In fact the history of the development of voting rights shows that even early feminists themselves had little interest in the vote for women and "patriarchal" legislators often raised the issue before women's groups did. The gap between men and women gaining the vote was often a few decades and in many cases men and women gained the vote at the same time. Further back in history women often had the vote on the same basis as men --- wealth and power. But as with most of the comments on this site this essay will consider only the history of the vote in the west in relatively recent history (since 1750).
Views on the vote at the birth of feminism.
Writing in 1897 Jessie Cassidy of the the National-American woman suffrage association commented:
The first organized demand by women for political recognition was made in the United States in 1848, at the memorable Seneca Falls Convention. That suffrage should be included had not beforehand entered the minds of those who issued the call for the convention, but it was suggested during the preparation of the Declaration of Independence and incorporated in the list of grievances submitted by the committee. It came like a bombshell upon the unprepared convention, and after long discussion was passed by only a bare majority. Lucretia Mott was one of those who at that time could not see her way to support it.

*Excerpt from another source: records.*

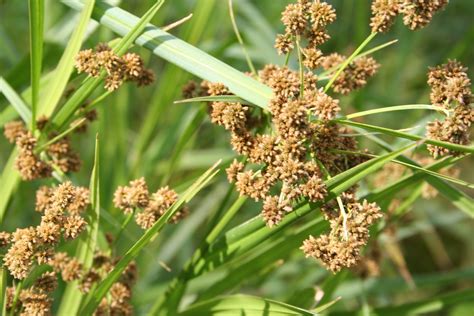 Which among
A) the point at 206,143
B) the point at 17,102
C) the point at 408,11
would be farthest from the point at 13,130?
the point at 206,143

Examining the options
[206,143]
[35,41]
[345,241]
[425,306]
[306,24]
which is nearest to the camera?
[345,241]

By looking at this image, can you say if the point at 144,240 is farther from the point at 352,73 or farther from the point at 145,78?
the point at 352,73

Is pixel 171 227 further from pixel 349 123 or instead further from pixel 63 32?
pixel 349 123

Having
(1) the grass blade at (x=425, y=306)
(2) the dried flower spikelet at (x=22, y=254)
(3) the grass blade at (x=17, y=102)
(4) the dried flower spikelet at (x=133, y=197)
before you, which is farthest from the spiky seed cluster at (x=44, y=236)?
(1) the grass blade at (x=425, y=306)

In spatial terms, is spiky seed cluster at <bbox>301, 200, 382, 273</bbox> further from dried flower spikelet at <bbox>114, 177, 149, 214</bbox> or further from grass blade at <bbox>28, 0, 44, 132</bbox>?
grass blade at <bbox>28, 0, 44, 132</bbox>

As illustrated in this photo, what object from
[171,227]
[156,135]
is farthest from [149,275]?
[156,135] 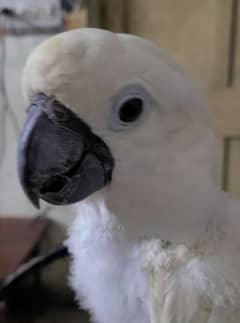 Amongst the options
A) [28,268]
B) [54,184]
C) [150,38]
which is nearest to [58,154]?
[54,184]

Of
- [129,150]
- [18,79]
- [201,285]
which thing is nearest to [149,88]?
[129,150]

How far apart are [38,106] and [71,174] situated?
91 millimetres

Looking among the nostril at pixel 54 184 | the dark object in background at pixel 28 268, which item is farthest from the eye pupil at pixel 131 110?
the dark object in background at pixel 28 268

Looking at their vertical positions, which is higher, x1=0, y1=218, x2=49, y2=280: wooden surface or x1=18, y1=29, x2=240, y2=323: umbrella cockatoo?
x1=18, y1=29, x2=240, y2=323: umbrella cockatoo

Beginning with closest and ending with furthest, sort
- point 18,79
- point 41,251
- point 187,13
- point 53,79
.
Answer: point 53,79
point 187,13
point 18,79
point 41,251

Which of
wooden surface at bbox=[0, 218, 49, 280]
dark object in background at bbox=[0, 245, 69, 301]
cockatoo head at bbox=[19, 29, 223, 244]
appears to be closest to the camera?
cockatoo head at bbox=[19, 29, 223, 244]

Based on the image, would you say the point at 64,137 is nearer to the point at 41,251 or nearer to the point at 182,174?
the point at 182,174

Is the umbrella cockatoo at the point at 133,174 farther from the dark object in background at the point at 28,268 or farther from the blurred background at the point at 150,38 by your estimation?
the blurred background at the point at 150,38

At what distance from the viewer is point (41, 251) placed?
1.78m

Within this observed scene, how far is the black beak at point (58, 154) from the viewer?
0.59 m

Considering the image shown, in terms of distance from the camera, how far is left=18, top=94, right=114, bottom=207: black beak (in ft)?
1.93

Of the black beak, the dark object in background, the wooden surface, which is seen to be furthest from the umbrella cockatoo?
the wooden surface

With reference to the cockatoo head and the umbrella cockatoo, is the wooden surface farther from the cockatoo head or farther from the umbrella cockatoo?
the cockatoo head

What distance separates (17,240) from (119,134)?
111 cm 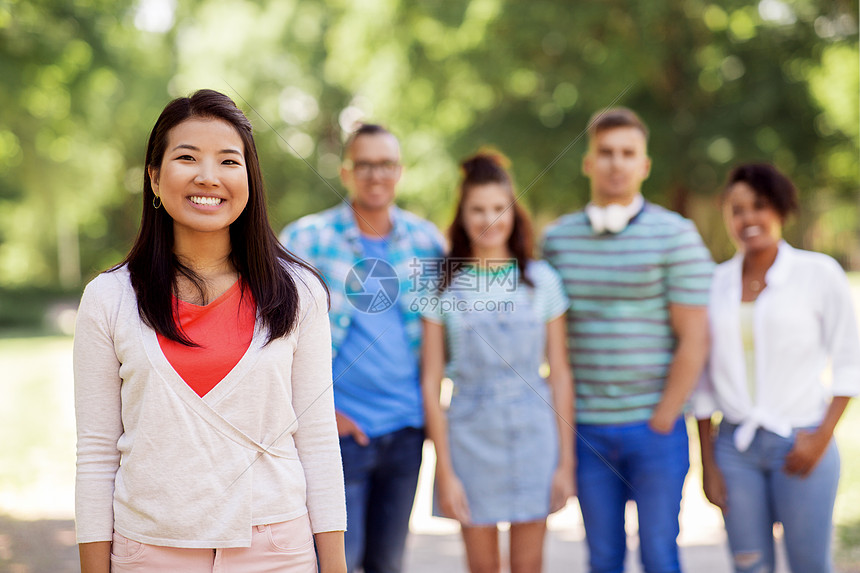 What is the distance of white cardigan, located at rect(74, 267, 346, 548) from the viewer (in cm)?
171

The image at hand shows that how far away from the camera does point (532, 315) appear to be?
116 inches

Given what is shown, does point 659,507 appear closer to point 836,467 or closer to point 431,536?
point 836,467

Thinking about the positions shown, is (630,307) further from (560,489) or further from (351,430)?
(351,430)

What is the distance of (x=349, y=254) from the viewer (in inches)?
118

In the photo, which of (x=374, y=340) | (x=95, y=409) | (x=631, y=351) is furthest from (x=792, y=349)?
(x=95, y=409)

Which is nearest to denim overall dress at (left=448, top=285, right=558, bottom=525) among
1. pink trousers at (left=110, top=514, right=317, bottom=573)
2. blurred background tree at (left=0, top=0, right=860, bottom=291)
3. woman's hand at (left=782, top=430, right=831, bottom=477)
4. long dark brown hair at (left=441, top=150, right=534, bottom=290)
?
long dark brown hair at (left=441, top=150, right=534, bottom=290)

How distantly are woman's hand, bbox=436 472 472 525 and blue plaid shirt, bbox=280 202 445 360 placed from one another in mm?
480

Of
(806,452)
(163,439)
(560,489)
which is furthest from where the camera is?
(560,489)

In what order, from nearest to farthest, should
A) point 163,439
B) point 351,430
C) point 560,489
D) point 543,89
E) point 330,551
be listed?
point 163,439 < point 330,551 < point 351,430 < point 560,489 < point 543,89

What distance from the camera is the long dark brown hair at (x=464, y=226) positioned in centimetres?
298

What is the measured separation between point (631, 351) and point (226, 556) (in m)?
1.75

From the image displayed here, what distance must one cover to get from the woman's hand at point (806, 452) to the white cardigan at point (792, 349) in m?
0.05

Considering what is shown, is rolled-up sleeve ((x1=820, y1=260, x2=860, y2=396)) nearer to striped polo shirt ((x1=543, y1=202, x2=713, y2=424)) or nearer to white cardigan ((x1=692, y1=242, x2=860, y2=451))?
white cardigan ((x1=692, y1=242, x2=860, y2=451))

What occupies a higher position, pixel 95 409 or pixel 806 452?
pixel 95 409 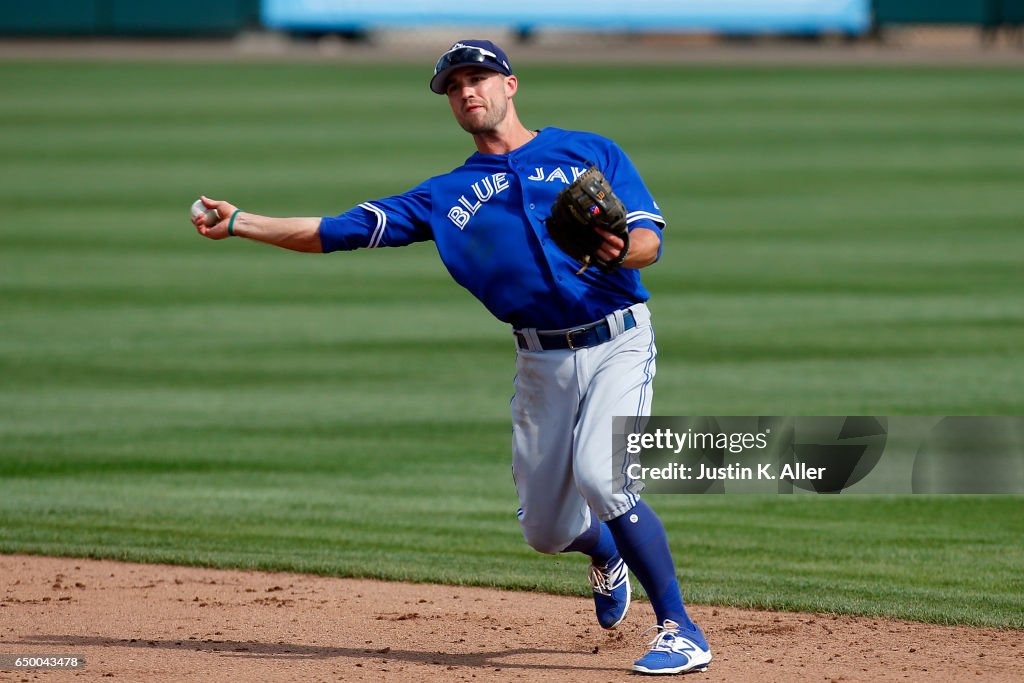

Lucretia Mott, of course was the senior co-host of this convention, recognized as the "birth" of feminism (in the US at least!) If the vote was really seen as such an important issue why had these feminists not even thought about it? And when they had thought about it many were not interested in supporting it. As a report in the Seneca County Courier said,
THE FIRST CONVENTION EVER CALLED TO DISCUSS THE Civil and Political Rights of Women,
Seneca Falls, N.Y., July 19, 20, 1848
..........
Resolved, That it is the duty of the women of this country to secure to themselves their sacred right to the elective franchise.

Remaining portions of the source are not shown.